Womb with a View
Interview with Leah Hazard best-selling author of Womb
Womb, the new book from NHS midwife and activist Leah Hazard, is an eloquent biography of a miraculous, misunderstood and overlooked organ. As the place where we all begin, she believes it deserves to be properly understood. The book covers everything from Leah’s own experiences working in a Scottish hospital through to the history, and inbuilt biases, of women’s reproductive healthcare. Her previous book Hard Pushed: A Midwife’s Story was a best-seller, and Womb is just as compelling – if not more so. We spoke to Leah about the state of the health service, midwifery and her wider concerns about women’s bodily autonomy ahead of her appearance at the festival.

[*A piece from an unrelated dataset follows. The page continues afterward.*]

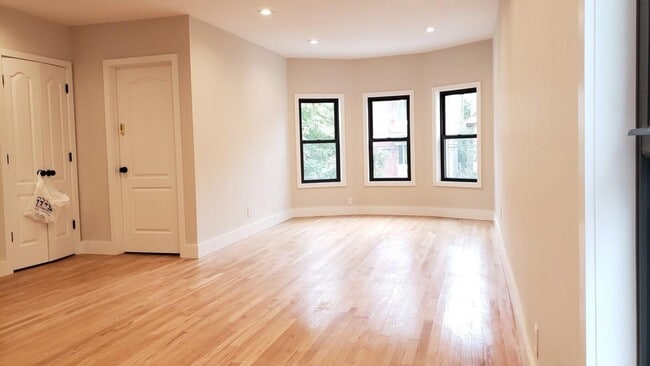 Building Photo - 1571 E 15th St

The opening chapter observes that Edinburgh’s Surgeon’s Hall Museum collection includes many more testes and penises than uteruses. If you curated an exhibition on the womb, what would it include?
If I curated an exhibition on the womb, I would include the uterus at all possible stages and variations of its life: infancy, adolescence, pregnancy, disease and menopause. It’s important for people to realise that the uterus is a dynamic, changing organ that looks and performs differently at various times.

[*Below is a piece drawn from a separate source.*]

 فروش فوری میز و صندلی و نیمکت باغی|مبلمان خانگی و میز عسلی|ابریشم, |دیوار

I’d also include some of the scientific advances relating to wombs, such as the intrauterine device (for contraception), hysteroscopy instruments and the Da Vinci robotic system that’s often used for womb transplants.
How has your experience as a midwife in a busy Scottish hospital affected your views on how the health service cares for women during pregnancy and childbirth?
Our maternity service is in a sadly predictable and preventable state of crisis. Midwives and other staff are trained to give a world-class, gold standard of care to women and birthing people, but shortages of staff and other resources prevent us from doing so.
It’s a tragedy with a real human cost: lives of mothers and babies are lost to substandard care every year, countless more suffer physical and psychological birth trauma and midwives themselves are leaving in their droves. This is a sad representation of how the current government devalues the wellbeing of people with wombs.
To what extent is reproductive healthcare still in the shadow of historical ideas and prejudices – often those of affluent white male Victorians – about women?
We’re still very much in the shadow of long-standing, patriarchal ideas about women’s bodies. The roots of these ideas go all the way back to Roman times, and since then, women’s bodies have predominantly been viewed with disgust, suspicion and frustration.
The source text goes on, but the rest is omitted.